> Action item:
Reproduce each record in the listing below exactly as written.

> Data supplied:

- Opening Delimiter -

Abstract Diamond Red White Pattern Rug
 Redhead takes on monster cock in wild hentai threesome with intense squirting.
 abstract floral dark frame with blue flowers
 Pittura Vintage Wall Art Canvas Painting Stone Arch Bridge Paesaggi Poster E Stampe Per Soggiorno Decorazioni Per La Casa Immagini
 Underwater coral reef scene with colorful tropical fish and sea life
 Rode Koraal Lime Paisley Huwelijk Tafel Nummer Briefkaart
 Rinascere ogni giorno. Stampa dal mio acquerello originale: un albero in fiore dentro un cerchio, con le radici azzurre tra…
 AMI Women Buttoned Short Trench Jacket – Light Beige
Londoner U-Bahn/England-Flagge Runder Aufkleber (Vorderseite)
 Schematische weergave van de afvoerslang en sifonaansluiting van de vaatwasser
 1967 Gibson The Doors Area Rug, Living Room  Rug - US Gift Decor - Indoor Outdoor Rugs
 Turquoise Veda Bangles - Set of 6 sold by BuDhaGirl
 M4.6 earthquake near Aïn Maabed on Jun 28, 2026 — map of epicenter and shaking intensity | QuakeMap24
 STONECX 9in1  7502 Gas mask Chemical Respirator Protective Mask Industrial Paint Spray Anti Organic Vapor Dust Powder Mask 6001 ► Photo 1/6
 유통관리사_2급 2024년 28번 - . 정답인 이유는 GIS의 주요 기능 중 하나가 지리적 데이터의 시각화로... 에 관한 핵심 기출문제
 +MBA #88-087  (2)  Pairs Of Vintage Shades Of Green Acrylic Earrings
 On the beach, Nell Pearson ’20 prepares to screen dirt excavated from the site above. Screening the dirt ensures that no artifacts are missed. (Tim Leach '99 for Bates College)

- Closing Delimiter -

> Result of this exercise:
Abstract Diamond Red White Pattern Rug
 Redhead takes on monster cock in wild hentai threesome with intense squirting.
 abstract floral dark frame with blue flowers
 Pittura Vintage Wall Art Canvas Painting Stone Arch Bridge Paesaggi Poster E Stampe Per Soggiorno Decorazioni Per La Casa Immagini
 Underwater coral reef scene with colorful tropical fish and sea life
 Rode Koraal Lime Paisley Huwelijk Tafel Nummer Briefkaart
 Rinascere ogni giorno. Stampa dal mio acquerello originale: un albero in fiore dentro un cerchio, con le radici azzurre tra…
 AMI Women Buttoned Short Trench Jacket – Light Beige
Londoner U-Bahn/England-Flagge Runder Aufkleber (Vorderseite)
 Schematische weergave van de afvoerslang en sifonaansluiting van de vaatwasser
 1967 Gibson The Doors Area Rug, Living Room  Rug - US Gift Decor - Indoor Outdoor Rugs
 Turquoise Veda Bangles - Set of 6 sold by BuDhaGirl
 M4.6 earthquake near Aïn Maabed on Jun 28, 2026 — map of epicenter and shaking intensity | QuakeMap24
 STONECX 9in1  7502 Gas mask Chemical Respirator Protective Mask Industrial Paint Spray Anti Organic Vapor Dust Powder Mask 6001 ► Photo 1/6
 유통관리사_2급 2024년 28번 - . 정답인 이유는 GIS의 주요 기능 중 하나가 지리적 데이터의 시각화로... 에 관한 핵심 기출문제
 +MBA #88-087  (2)  Pairs Of Vintage Shades Of Green Acrylic Earrings
 On the beach, Nell Pearson ’20 prepares to screen dirt excavated from the site above. Screening the dirt ensures that no artifacts are missed. (Tim Leach '99 for Bates College)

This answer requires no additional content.